Award-winning burlesque dancer Lillian Bustle is fat, and she knows it.

"I happen to use this word as a self-descriptor," Bustle says in a powerful TEDxJerseyCity Talk. "And I don't say it to put myself down." Bustle goes on to identify exactly why using the word "fat" as a dirty word is so damaging — and reveals her secret to body acceptance. 

"We as women are programmed to tell each other that we're not fat because to many people — both men and women — fat is the worst thing that you can be," she says.

"I'm five foot three, so I call myself short. I'm married, so I call myself a wife. I weigh 240 pounds, so I call myself fat. And I am beautiful, so I call myself beautiful. And I'm all of those things at once."

People often feel that accepting themselves is outside of their control, but Bustle argues embracing body positivity is a choice. "Being beautiful is a decision that you make," she says in the video. "Most of us sit around waiting for permission, for affirmation, for some other [person] to swoop in and tell us that we're worthy, that we're beautiful. It doesn't have to be like that ... you get to wake up one day and decide that you're beautiful."

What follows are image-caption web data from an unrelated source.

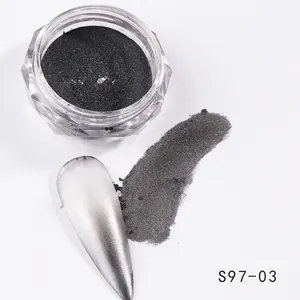 Metallic dark gray nail mirror powder with glossy gradient effect on fake nails
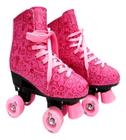 Patins Tradicional Quad Roller Retro Rosa 32 Ao 38 - DM TOYS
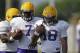 LSU running backs Leonard Fournette (left) and Terrence Magee (right)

Women must find a "courage reference": Bustle wasn't always so confident, but she managed to overcome the influence of our society's pervasive fatphobia in part by finding what she calls a "courage reference." This means "doing something brave and keeping that feeling in your pocket for times when you're not feeling so brave anymore." Bustle's courage reference is performing burlesque, which others have previously noted can be an empowering, body positive experience.

After seeing her first burlesque performance, Bustle says she was inspired by the "daring, creative, funny women of all shapes and sizes [who looked] like they could walk through fire," and began to perform herself. Bustle says proudly displaying her body reminds her that she's "strong and courageous and that I do great things. ... We can all have that."

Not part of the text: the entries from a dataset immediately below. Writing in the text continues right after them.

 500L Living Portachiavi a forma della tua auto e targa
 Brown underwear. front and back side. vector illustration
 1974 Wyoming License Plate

Burlesque isn't a perfect space, she continues, acknowledging that burlesque performers are often still expected to maintain an idealized "showgirl" body type. But Bustle found a burlesque community that bucked this standard and discovered "a band of wonderfully diverse people gleefully celebrating their bodies on stage." 

Lillian Bustle performs at The Slipper Room
Source: Lillian Bustle/YouTube

Once empowered, others must witness this courage. While it's important to find alternative spaces that generate confidence, Bustle presses others to challenge mainstream notions of self-acceptance, too. She cites a study showing that the more we're exposed to diverse body types, the more we accept diverse bodies. When people embrace the qualities that make their bodies different, they also proudly expose others to that body type and therefore broaden society's ability to accept an array of body types — including their own. "The more that body diversity is normalized in our minds," Bustle summarizes, "the kinder we can be to ourselves and to our bodies."

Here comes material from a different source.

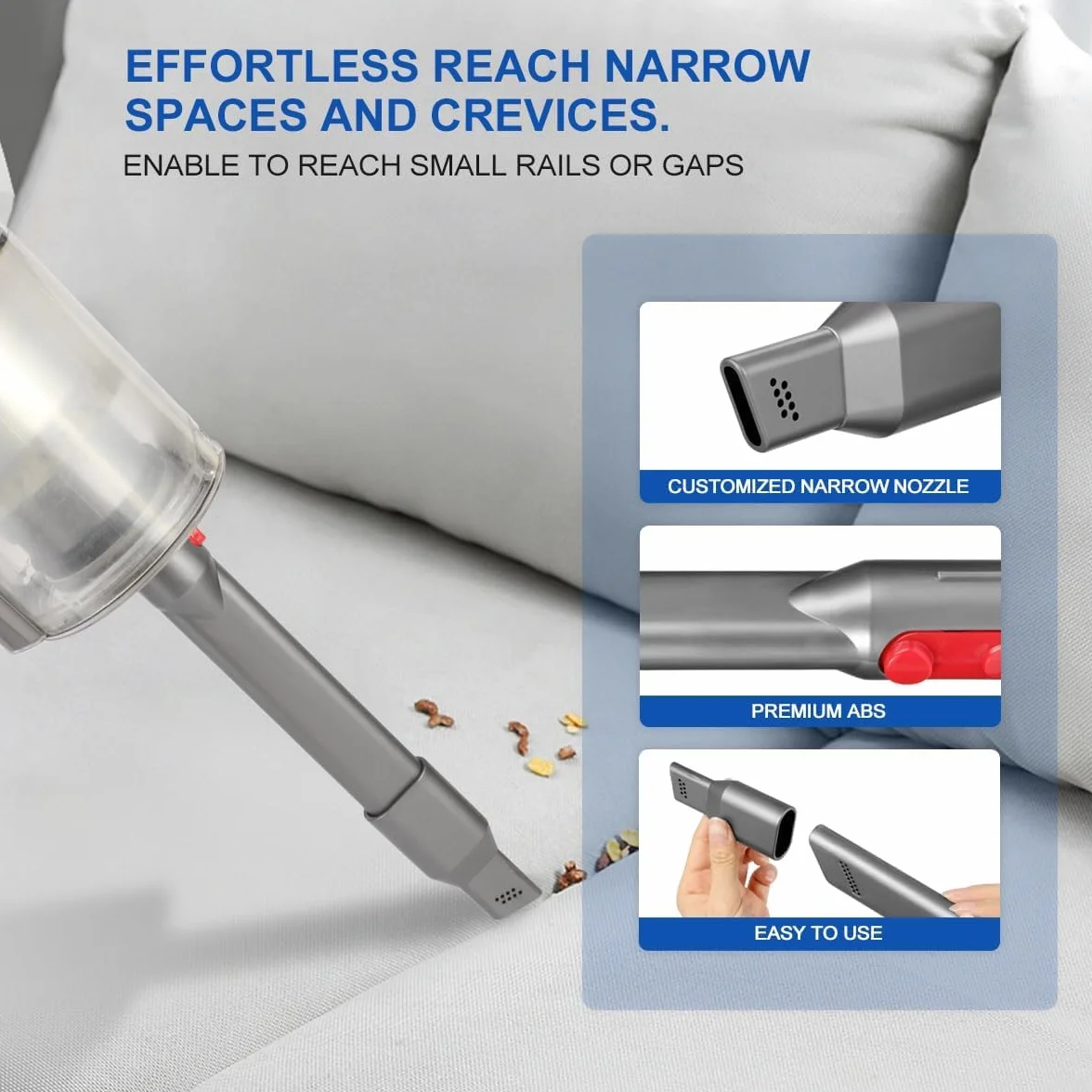 LANMU Bocchetta per aspirapolvere compatibile con aspirapolvere Dyson V15 V12 V11 V10 V8 V7 Gen5 G5 Outsize, con ugello più stretto per fessure difficili da pulire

While body positivity and fatphobia alike are often dismissed as superficial topics, they have great impact on the lives of countless women. Learning to love oneself is not only challenging, but it's a true act of bravery — a reality Bustle acknowledges. 

When the No. 1 wish of girls aged 11 to 17 is to be thinner, Bustle says, publicly stating "I'm fat, and I'm beautiful, and not only am I not afraid to be seen, I'm worth looking at," is not only an act of bravery, but is "socially significant." And it's a socially significant act of bravery Bustle will continue to perform. Hopefully, countless other women will follow her lead and find their own courage reference — whatever that might be.